On this page you will find helpful tips and advice for how to start a conversation with the youth in your life about making healthy decisions about substance use. Talking about substance use does not have to be difficult, confrontational, or anxiety-inducing; trying out different conversational strategies may help to build a stronger relationship with the youth in your life. Keep in mind that empowering the youth in your life to make healthy decisions empowers youth to make health decisions in various aspects of their life, not just substance use. Click on the links below to learn more about ways to keep the youth in your life safe from sources such as the Partnership for Drug-Free Kids:
Conversation Tips for Parents
- Show your concern. Express to your child that you’re worried about her (example, “You haven’t been yourself lately”).
- Be direct. Clearly state your concerns as well as any evidence you’ve found (“You’re not showering, your grades have dropped, and I found empty beer cans in your car”).
- Let your child know you value their honesty and are willing to listen without making judgments. Keep in mind that listening without making judgments does not mean that there will not be consequences).
- Watch your tone of voice. Even though may you want to raise your voice, it is important to speak calmly so that you do not push your child away.
- Check out this resource for more tips: Have a Conversation Not a Confrontation Guide (PDF)
- Depending on your child’s age, you may approach the conversation different. Click HERE to read more about talking to your child at any age about substance misuse.
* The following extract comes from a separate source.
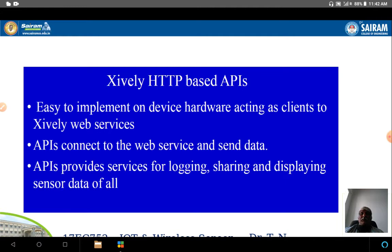HTTP-based APIs are easy to implement on device hardware, acting as a client to web services. APIs connect to the web service and send data, with library functions available for sending data from the lower end to the upper end. APIs provide services for logging, sharing, displaying, and sending sensor data.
More Conversation Tips for Parents
- The Massachusetts Department of Public Health provides conversation tips for parents on a wide range of topics, including tips for high school-aged and middle school-aged youth.
- It’s important to know the facts about substance misuse while talking to your children. Click HERE to learn more facts on teen substance misuse.
- Is There A Problem? Learn how to spot signs of drug use, how to start the conversation, and more.
Youth Mental Health
It’s important to ask our young folks how they’re doing, not just what they’ve been up to. Youth learn from those around them; asking about mental health is a great way to teach our children that talking about feelings and mental wellbeing is normal.